BEGIN

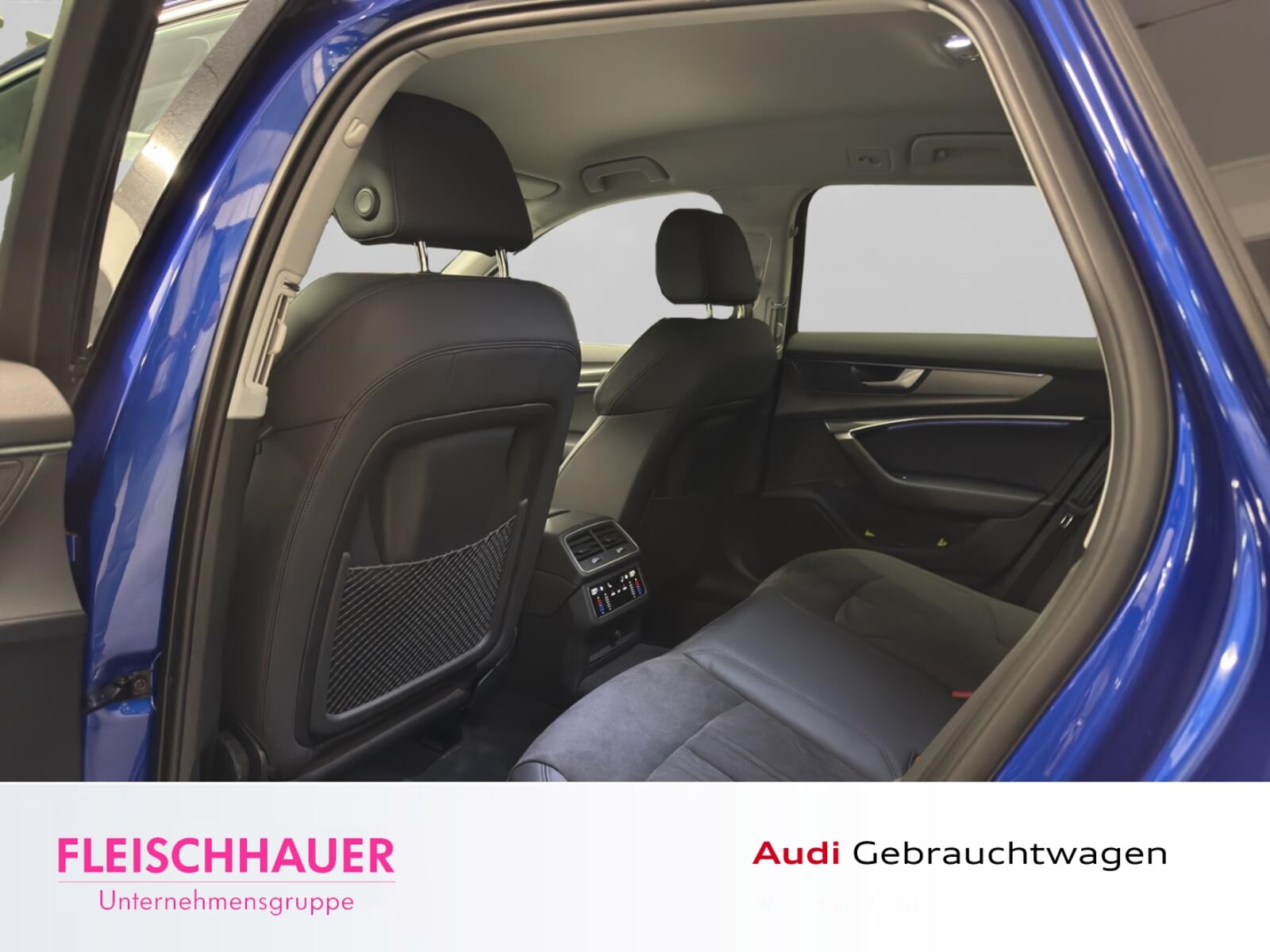 Audi A6 Avant – Bild 14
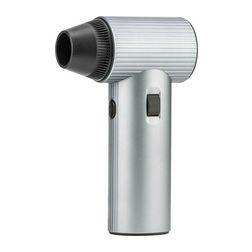 Akkus hőlégfúvó USB-C 2500mAh 11.1V folyamatos-szabályozás AIRFAN2 TRACON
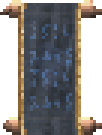 Pergaminho de grito de fogo (Scroll of Fire Scream), item do MU Online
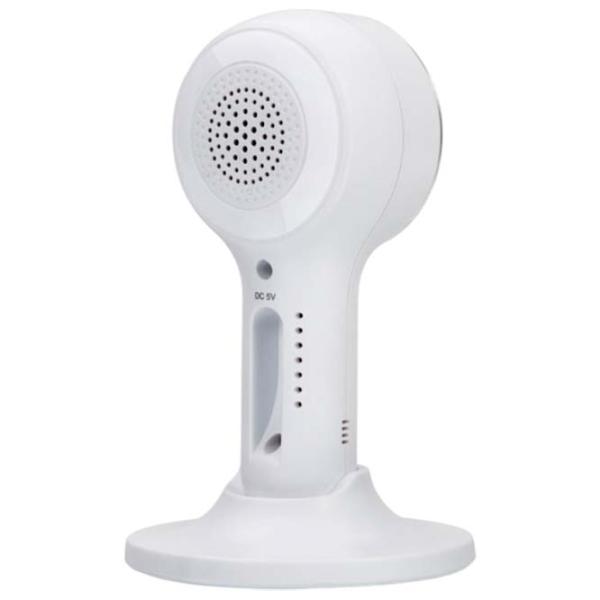 Радио-няня Motorola VM65X Connect Аккумулятор + Сеть / 300 м photo 5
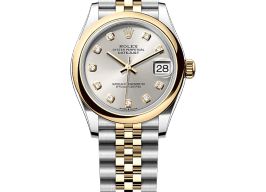 Rolex Datejust 31 278243 -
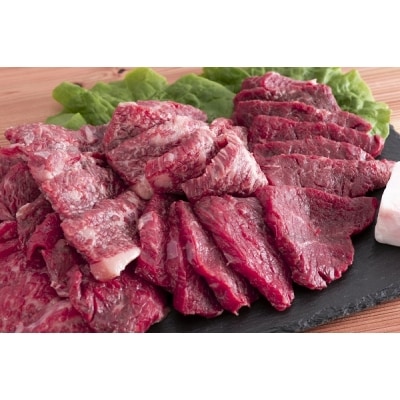 牛肉　備前牛(黒毛牛)焼肉セット　700g　DD-20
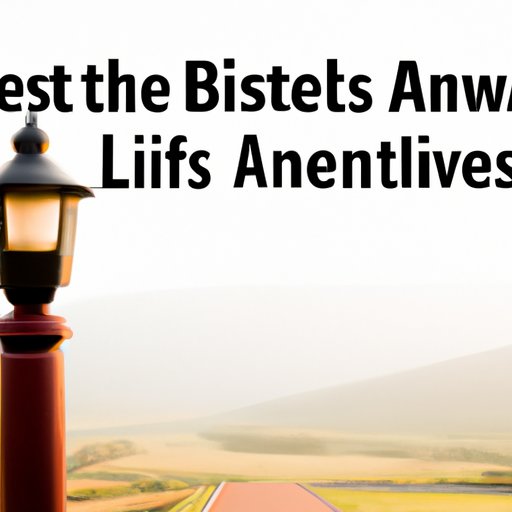 Looking at Alternative Strategies to Lower Costs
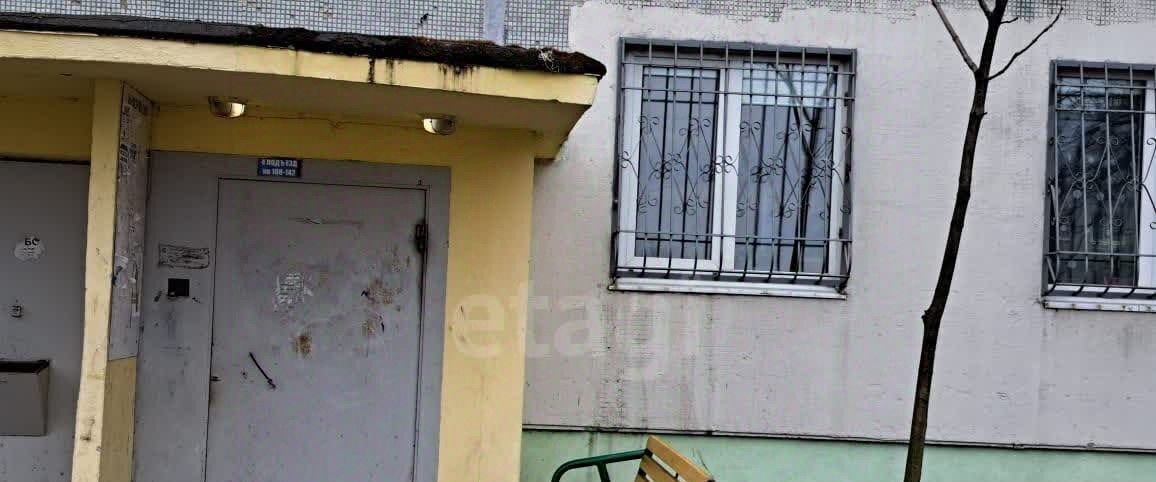 квартира г Владивосток р-н Первореченский ул Карбышева 40 фото 31
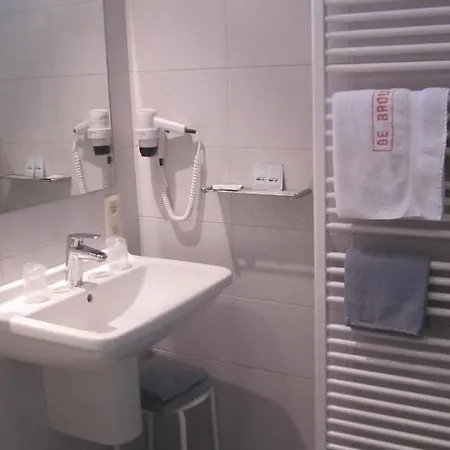 Hotell Les Eleveurs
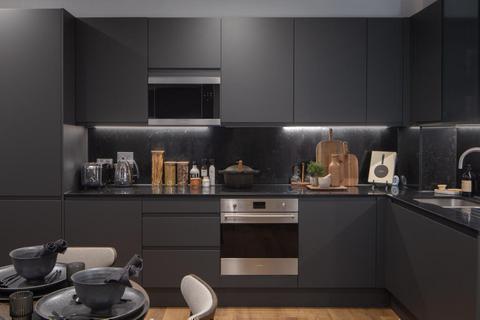 2 bedroom apartment to rent, Plot 808 at Birmingham City, 149 Hurst Street B5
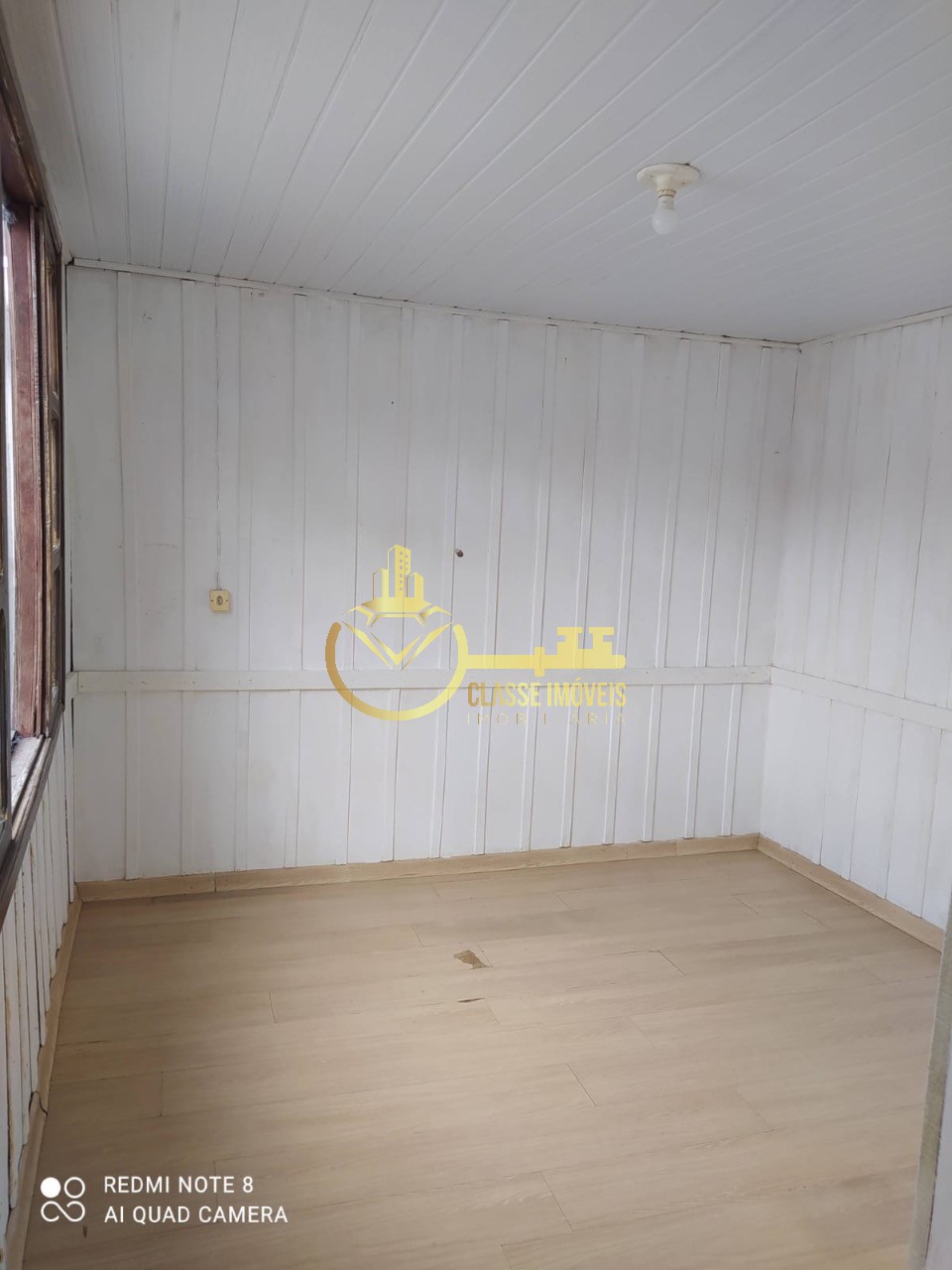 Imperdível: casa à venda em itajaí-sc, bairro são roque, 1 q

END

# Assignment
Copy the data precisely. Skip every picture.

# Answer to this task
 Audi A6 Avant – Bild 14
 Akkus hőlégfúvó USB-C 2500mAh 11.1V folyamatos-szabályozás AIRFAN2 TRACON
 Pergaminho de grito de fogo (Scroll of Fire Scream), item do MU Online
 Радио-няня Motorola VM65X Connect Аккумулятор + Сеть / 300 м photo 5
 Rolex Datejust 31 278243 -
 牛肉　備前牛(黒毛牛)焼肉セット　700g　DD-20
 Looking at Alternative Strategies to Lower Costs
 квартира г Владивосток р-н Первореченский ул Карбышева 40 фото 31
 Hotell Les Eleveurs
 2 bedroom apartment to rent, Plot 808 at Birmingham City, 149 Hurst Street B5
 Imperdível: casa à venda em itajaí-sc, bairro são roque, 1 q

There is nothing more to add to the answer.